Buenos días, buenas tardes, buenas noches

Impresiona a la imaginación el son lejano de la campana de algún pueblecito oculto bajo los árboles: esos sones, que viajan por el agua, que los dulcifica, se tiñen de dulce melancolía y de resignación y parecen decirle al hombre: “la vida escapa, no seas tan exigente con la felicidad que se presenta, apresúrate a gozarla”. La Cartuja de Parma, Stendhal

Siempre me ha gustado la idea de los mundos miniatura. Tu propio rincón apartado del caos cósmico. Ese oasis tuyo puede ser como tú quieras (tu espejismo en medio del desierto, tus reglas). Tú decides quién entra y quién sale, las formas de su tiempo y de su espacio, los ritmos, las dinámicas. Veo los videojuegos que te permiten habitar y diseñar este pequeño mundo como manifestaciones físicas (digitales) de los verdaderos mundos metafísicos que todos llevamos dentro de nosotros. La idea de espacializar nuestro mundo ideal, de hacer de él tiempo y espacio sólidos, no es moderna en la humanidad. Un texto tan viejo como La República, de Platón, ya te sugiere que desde prácticamente el nacimiento de la civilización nos ha gustado darle forma y orden a nuestras fantasías de lo perfecto, lo ideal. Platón, por ejemplo, expulsaría de su país a los poetas. No tenemos por qué estar de acuerdo con Platón, ni mucho menos, pero podemos, desde la distancia, escuchar sus razones y entender que, si no a los poetas, todos, en nuestra hipotética República, excluiríamos algún elemento de la realidad, limaríamos asperezas. Es natural forjarnos utopías,  pero también es riesgoso, porque cada utopía es tan única como su diseñador. Los desacuerdos y las guerras serían inevitables porque las otras utopías serían una amenaza para las nuestras, y habría que eliminarlas. Por eso siempre es preferible para la paz pública que dichas utopías permanezcan dentro, bien guardadas en nuestras consciencias…o en nuestra Nintendo Switch.

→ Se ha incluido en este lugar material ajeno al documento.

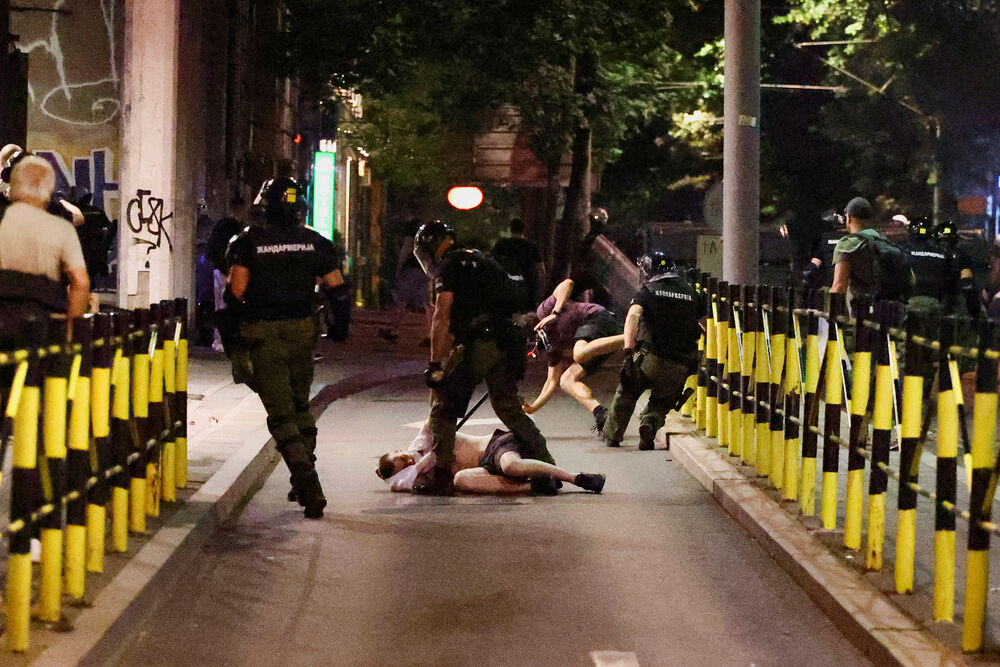 <p>Predsjednik Srbije Aleksandar Vučić je kazao da ultimum studenata o vanrednim iuzborima i uklanjanju okupljenih iz Pionirskog parka nije prihvaćen, a poslije intevencije Žandarmerije na Instragramu je objavio: "Na kraju uvijek pobjeđuje Srbija"</p>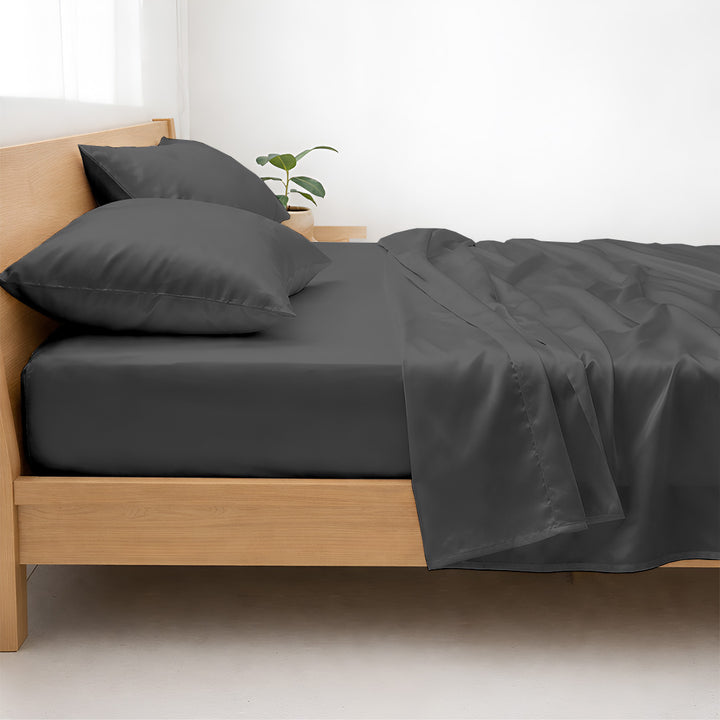 Elastic corner on custom bamboo fitted sheet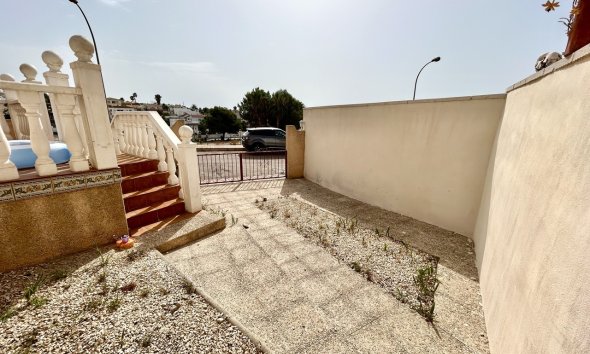 Revente - Villa -
Villamartin - Costa Blanca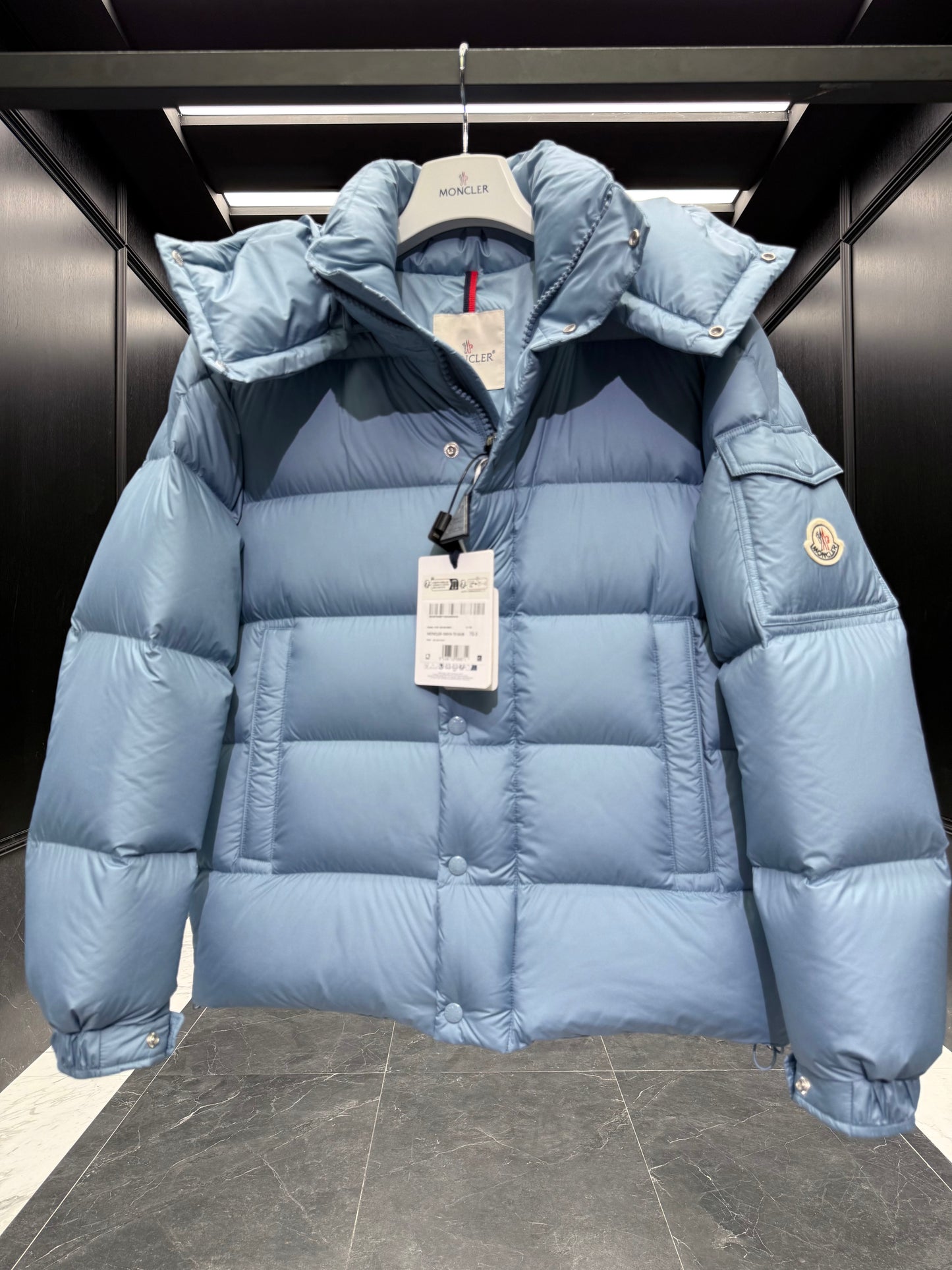MONC MAYA 70 JACKET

Hay muchos textos y artículos que critican a Animal Crossing como utopía, como perfeccionamiento del individualismo, como pesadilla capitalista que idealiza la vida. Yo no me siento de acuerdo.

Me atraía Animal Crosing justo por esta premisa. La promesa de un mundo a tu medida en un estilo bonito, amable y juguetón. Estaciones sucediéndose a través del año, cielos de color cambiante, cambian los colores de las hojas. Un mundito que es solo tuyo, sí, pero conectado, a través de un pequeño conducto de mecánicas de tiempo real, con el mundo físico. Este conducto comunicante, más que interrumpir o arruinar la experiencia, le insufla vida, sensación de aire y espacio libres. Para mí, la mejor mecánica de Animal Crossing, la que más le da su sensación de mundito, no es el diseño de tus propios muebles, la decoración de hogares, la jardinería ni la ropa ultra-personalizada. Todo lo relacionado a lo más material de la experiencia, los objetos, las obras de arte, los fósiles, la geografía, la economía de Bayas, es absolutamente personalizable y resulta, sin lugar a dudas, sumamente atractivo para miembros de sociedades que tienen cada vez menos control sobre sus vidas. Animal Crossing devuelve ese control, tener tu casa como tú te la imaginas, tener tu armario lleno de outfits diferentes para cada día de la semana. Pero esta perspectiva esconde un trasfondo según el cual sólo podemos ser humanos al poseer, al controlar y dirigir. Es una perspectiva teológica que endiosa al individuo.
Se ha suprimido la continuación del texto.